In considering _the proportion of the limbs to the body_--if, even in a
young woman, the walk, though otherwise good, be heavy, or the fall on
each foot alternately be sudden, and rather upon the heel, the limbs
though well formed, will be found to be slender, compared with the body.
This conformation accompanies any great proportional developement of the
vital system; and it is frequently observable in the woman of the Saxon
population of England, as in the counties of Norfolk, Suffolk, &c.
In women of this conformation, moreover, the slightest indisposition or
debility is indicated by a slight vibration of the shoulders, and upper
part of the chest, at every step, in walking.
In considering _the line or direction of the limbs_--if, viewed behind,
the feet, at every step, are thrown out backward, and somewhat
laterally, the knees are certainly much inclined inward.

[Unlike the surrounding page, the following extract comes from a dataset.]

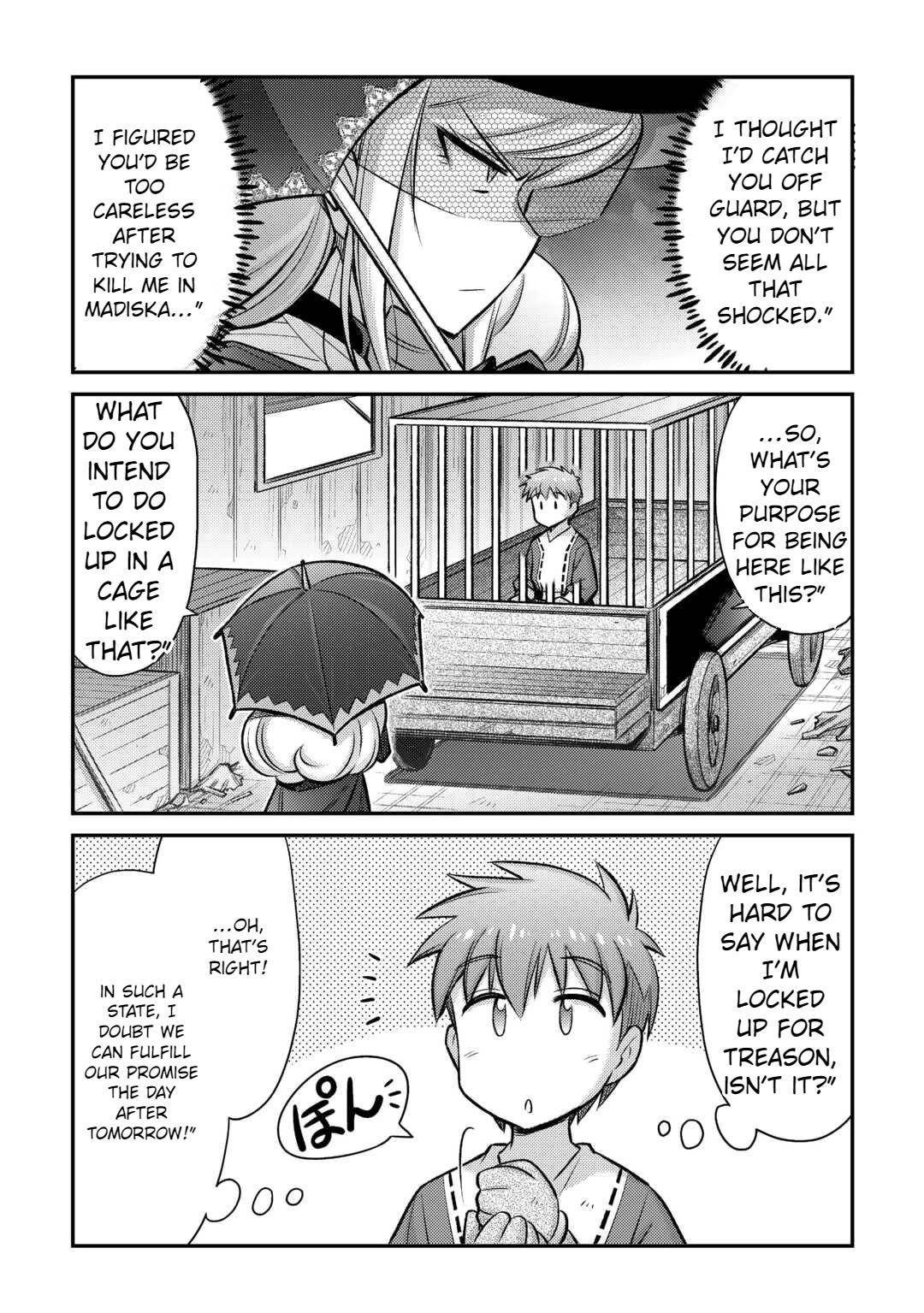 Summoned by Being Involved?! And I Was “God”?? Chapter 39 - Page 12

If, viewed in front, the dress, at every step, is as it were, gathered
toward the front, and then tossed more or less to the opposite side, the
knees are certainly too much inclined.
In considering _the relative size of each portion of the limbs_--if, in
the walk, there be a greater or less approach to the marching pace, the
hip is large; for we naturally employ the joint which is surrounded with
the most powerful muscles, and in any approach to the march, it is the
hip-joint which is used, and the knee and ancle-joints which remain
If, in the walk, the tripping pace be used, as in an approach to walking
on tiptoes, the calf is large; for it is only by the power of its
muscles that, under the weight of the whole body, the foot can be
extended for this purpose.
If, in the walk, the foot be raised in a slovenly manner, and the heel
be seen, at each step, to lift the bottom of the dress upward and
backward, neither the hip nor the calf is well developed.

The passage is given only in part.